(Free-text object descriptions)
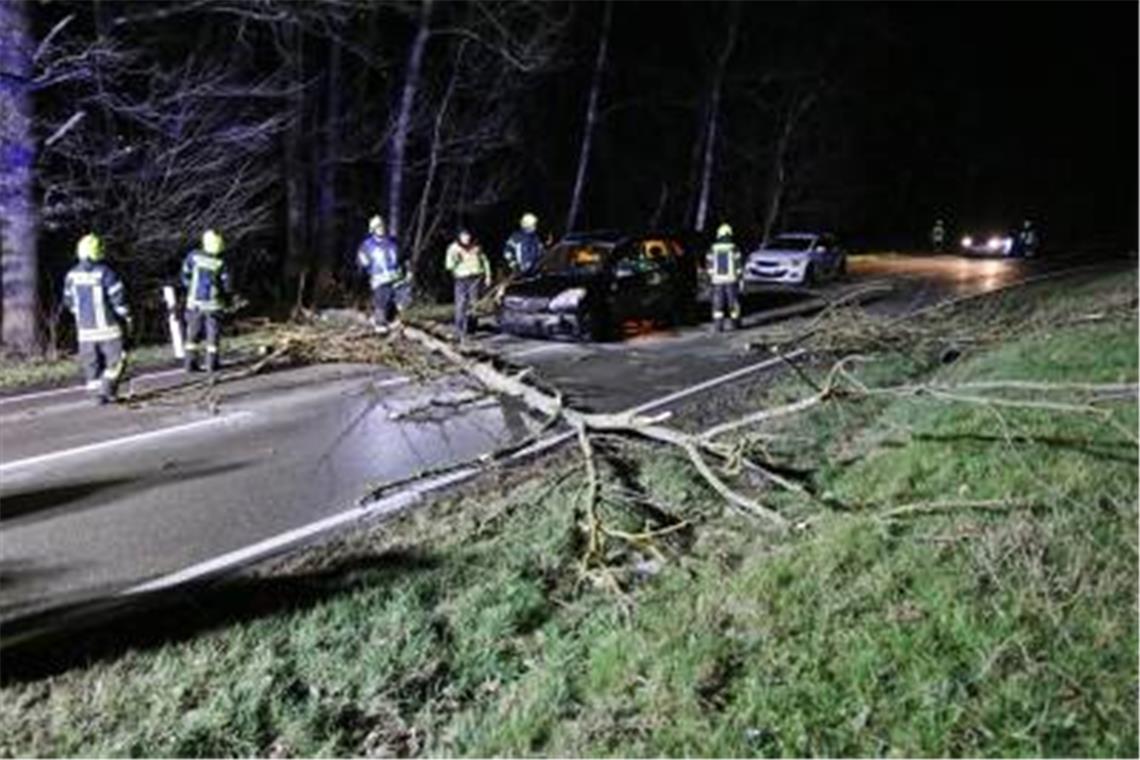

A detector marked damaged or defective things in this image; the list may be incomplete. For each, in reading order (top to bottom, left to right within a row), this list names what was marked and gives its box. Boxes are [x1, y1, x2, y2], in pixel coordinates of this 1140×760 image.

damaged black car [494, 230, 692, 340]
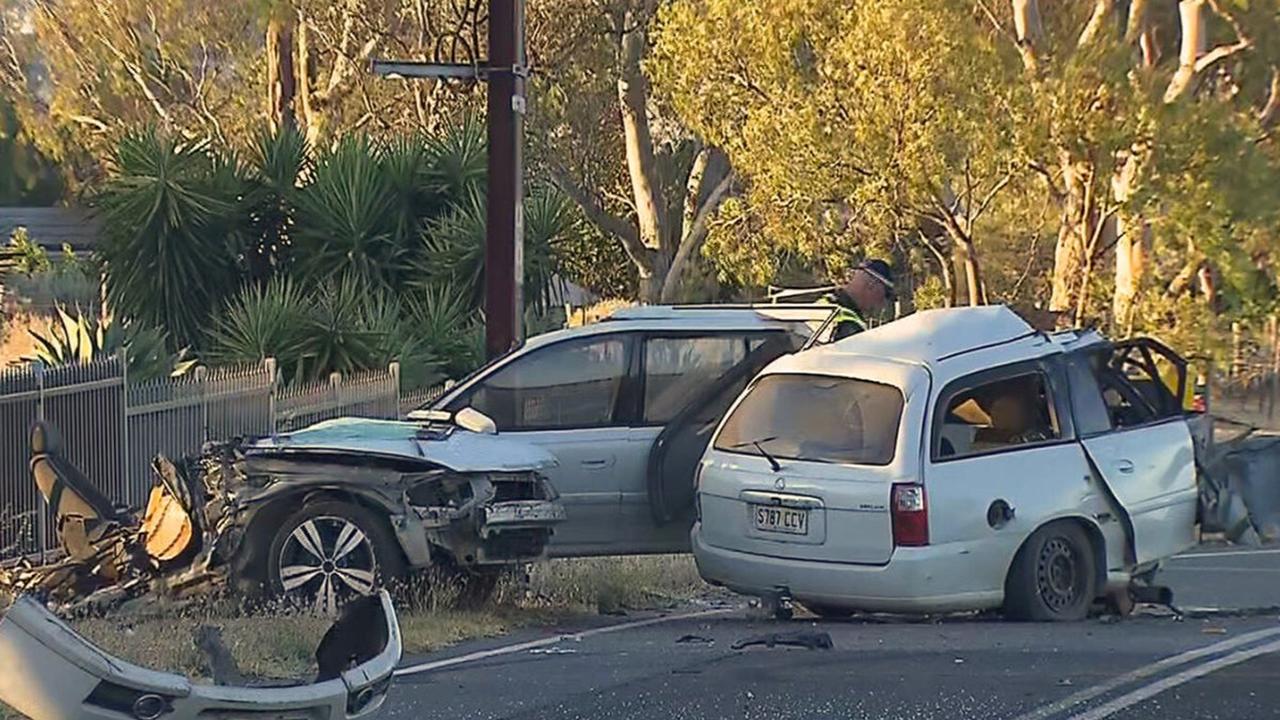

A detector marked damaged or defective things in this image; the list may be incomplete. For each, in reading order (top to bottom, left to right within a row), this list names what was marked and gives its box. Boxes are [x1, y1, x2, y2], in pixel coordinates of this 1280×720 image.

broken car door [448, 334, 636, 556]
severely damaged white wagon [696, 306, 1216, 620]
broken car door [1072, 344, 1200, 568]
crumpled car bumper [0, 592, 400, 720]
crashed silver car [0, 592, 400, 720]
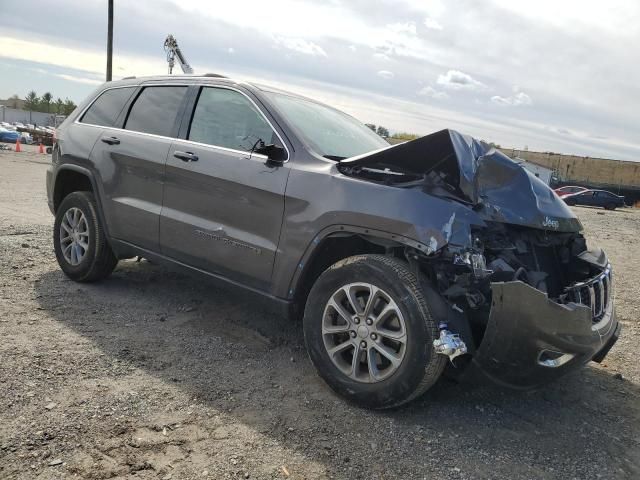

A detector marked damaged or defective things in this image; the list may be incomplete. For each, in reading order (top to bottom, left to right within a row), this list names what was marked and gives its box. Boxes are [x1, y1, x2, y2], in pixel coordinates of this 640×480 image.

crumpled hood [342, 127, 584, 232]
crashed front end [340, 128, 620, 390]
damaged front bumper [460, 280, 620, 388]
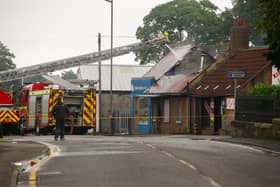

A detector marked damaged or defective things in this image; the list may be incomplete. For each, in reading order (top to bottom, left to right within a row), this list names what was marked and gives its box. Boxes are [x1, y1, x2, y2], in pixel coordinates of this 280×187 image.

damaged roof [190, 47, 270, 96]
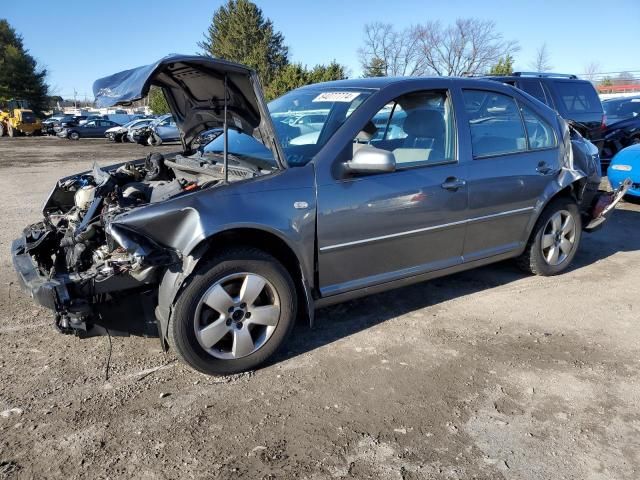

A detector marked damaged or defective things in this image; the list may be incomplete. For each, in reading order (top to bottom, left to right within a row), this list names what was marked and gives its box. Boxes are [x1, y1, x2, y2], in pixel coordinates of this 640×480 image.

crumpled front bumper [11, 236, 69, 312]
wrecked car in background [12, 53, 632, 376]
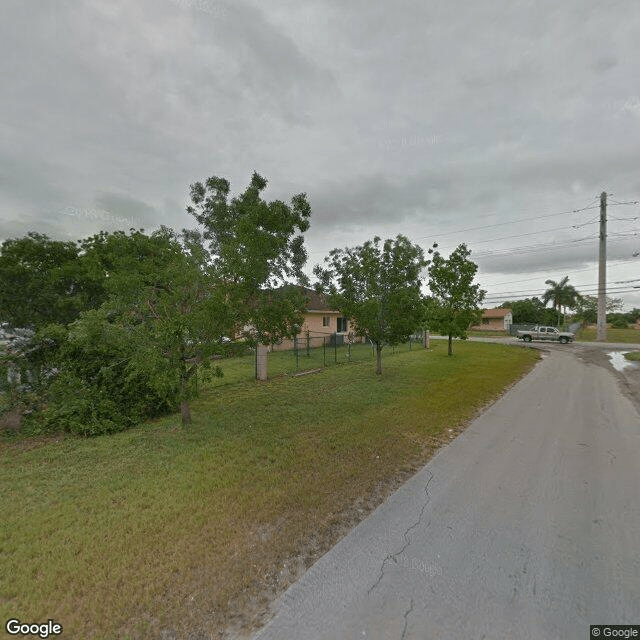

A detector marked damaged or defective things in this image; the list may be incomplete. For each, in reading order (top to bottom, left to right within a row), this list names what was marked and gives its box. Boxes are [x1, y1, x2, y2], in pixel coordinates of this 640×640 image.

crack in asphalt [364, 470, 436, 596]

* _Assignment_:
Exactly the lines from the one containing "this 640×640 image." through the end of the records above are to be printed, and no others.

* _Task solution_:
A detector marked damaged or defective things in this image; the list may be incomplete. For each, in reading order (top to bottom, left to right within a row), this list names what was marked and gives its box. Boxes are [x1, y1, x2, y2], in pixel coordinates of this 640×640 image.

crack in asphalt [364, 470, 436, 596]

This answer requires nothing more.